# Transformers HD-DVD



## Chris Blount (Jun 22, 2001)

Anyone check out the Transformers HD-DVD? I got to take a look last night. Did not see it in theaters this Summer. 

What a fun movie. Much better than I expected. The HD-DVD looks fantastic. Sound and picture both very good.


----------



## msmith198025 (Jun 28, 2007)

Chris Blount said:


> Anyone check out the Transformers HD-DVD? I got to take a look last night. Did not see it in theaters this Summer.
> 
> What a fun movie. Much better than I expected. The HD-DVD looks fantastic. Sound and picture both very good.

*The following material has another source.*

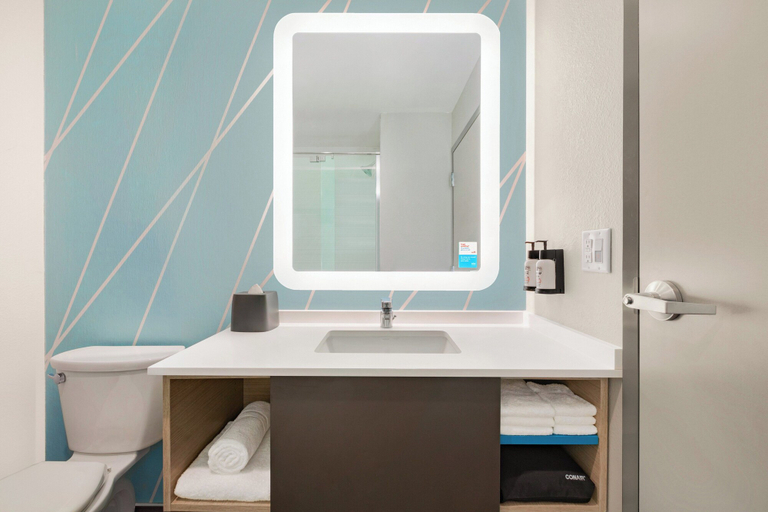 Bathroom 3, avid hotel Lancaster by IHG, Lancaster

I also watched it last night. Great visuals. Not bad at all. A fun movie to watch


----------



## Capmeister (Sep 16, 2003)

We tried to download the first internet extra wigit but it kept failing. Anyone get it to work?


----------



## darthfadar (Sep 25, 2007)

Chris Blount said:


> Anyone check out the Transformers HD-DVD? I got to take a look last night. Did not see it in theaters this Summer.
> 
> What a fun movie. Much better than I expected. The HD-DVD looks fantastic. Sound and picture both very good.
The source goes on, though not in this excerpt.